Remembering Social Movements offers a comparative historical examination of the relations between social movements and collective memory.

A detailed historiographical and theoretical review of the field introduces the reader to five key concepts to help guide analysis: repertoires of contention, historical events, generations, collective identities, and emotions. The book examines how social movements act to shape public memory as well as how memory plays an important role within social movements through 15 historical case studies, spanning labour, feminist, peace, anti-nuclear, and urban movements, as well as specific examples of ‘memory activism’ from the 19th century to the 21st century. These include transnational and explicitly comparative case studies, in addition to cases rooted in German, Australian, Indian, and American history, ensuring that the reader gains a real insight into the remembrance of social activism across the globe and in different contexts. The book concludes with an epilogue from a prominent Memory Studies scholar.

Bringing together the previously disparate fields of Memory Studies and Social Movement Studies, this book systematically scrutinises the two-way relationship between memory and activism and uses case studies to ground students while offering analytical tools for the reader.

About the author

Stefan Berger is Professor of Social History and Director of the Institute for Social Movements at Ruhr-Universitat Bochum, Germany. He is also executive chair of the Foundation History of the Ruhr, and an honorary professor at Cardiff University in theUK. His books on social movements include (with Holger Nehring) The History of Social Movement in Global Perspective (2017).

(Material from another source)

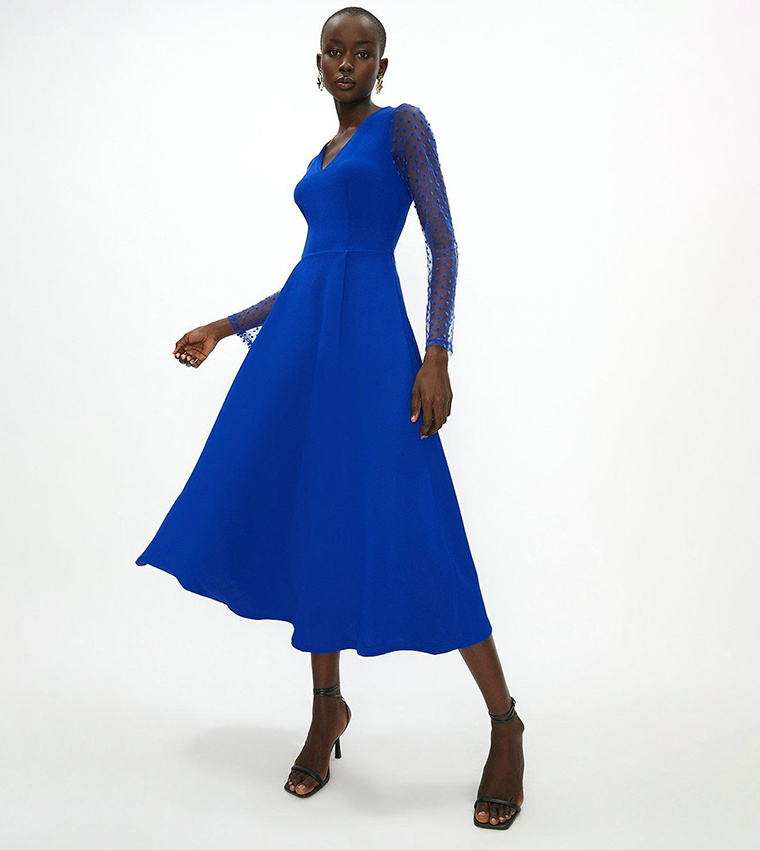 Buy Coast Spot Mesh Fit And Flare Dress In COBALT 6thStreet Oman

Sean Scalmer is Professor of History at the University of Melbourne, Australia. His books on social movements and politics include Dissent Events (2002), Activist Wisdom (2006), Gandhi in the West (2011), On the Stump (2017), and Democratic Adventurer (2020).

Christian Wicke is Assistant Professor of Political History at Utrecht University, the Netherlands. He wrote Helmut Kohl’s Quest for Normality (2015). He recently edited (with Ulf Teichmann) an issue of Arbeit-Bewegung-Geschichte on the relationship between ‘old’ and ‘new’ social movements (2018/III).